この分析プロセスは、あえて別のものに例えるならば、刑事や探偵による事件捜査と、法廷裁判で的確に犯人および事実を特定する説明の準備になぞらえることができる。いかに複雑怪奇で犯人が誰かもどんな形で犯罪が行われたのかもわからないような事件であっても、丹念に証拠を集め、緻密な推理を行うことによってその全貌が徐々に解明され、それが確信に変わっていく。そして裁判で犯人を裁くためには、決して冤罪を犯してはならないから、説明する犯罪手口や犯人の特定はすべて証拠という事実に基づかねばならない。であるから、大量の証拠を準備して、「トライアンギュレーション」で事実を明らかにする必要がある。このような証拠と推理のプロセスと関係性は、質的調査におけるデータ収集と分析のプロセスと関係性に類似しているわけである。

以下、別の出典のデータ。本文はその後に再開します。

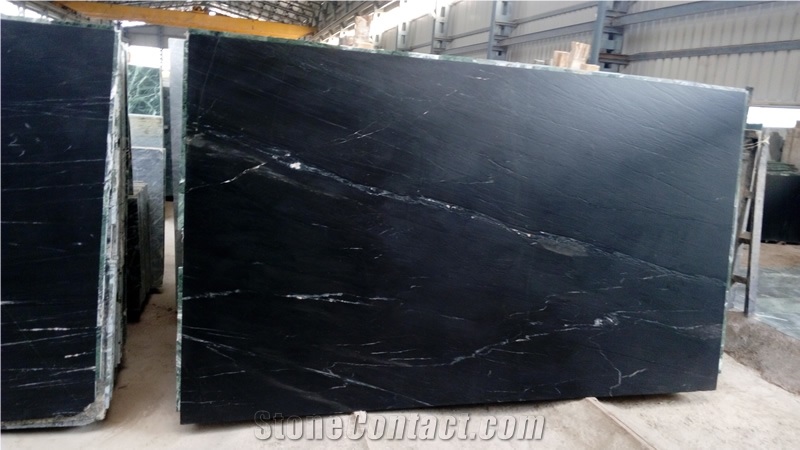 Excellent Quality Marine Black Marble Tiles & Slabs, Black Polished Marble Flooring Tiles, Walling Tiles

そして、分析部分を論文で説明する際に重要なのが、調査プロセスの透明性である。なぜ、今回発表するような発見や理論が導かれたのかを、できるだけ包み隠すことなく論文で報告する。ここで、数量的研究との大きな違いが出てくる。数量的研究における方法論の記述の適切性は、それが再現性を検証できるのに十分であるかという点にある。数量的調査の多くが仮説検証型なので、調査デザインの段階で検証する仮説が明らかになっている。生み出された仮説を検証するプロセスは、研究方法論が適切であれば、基本的に何度同じことをやっても同じ結果が出ることが想定される。そこでサンプルを変えてみたり変数を少し入れ替えたりして、検証された仮説や理論の頑強性を高めていくというのが科学的なプロセスである。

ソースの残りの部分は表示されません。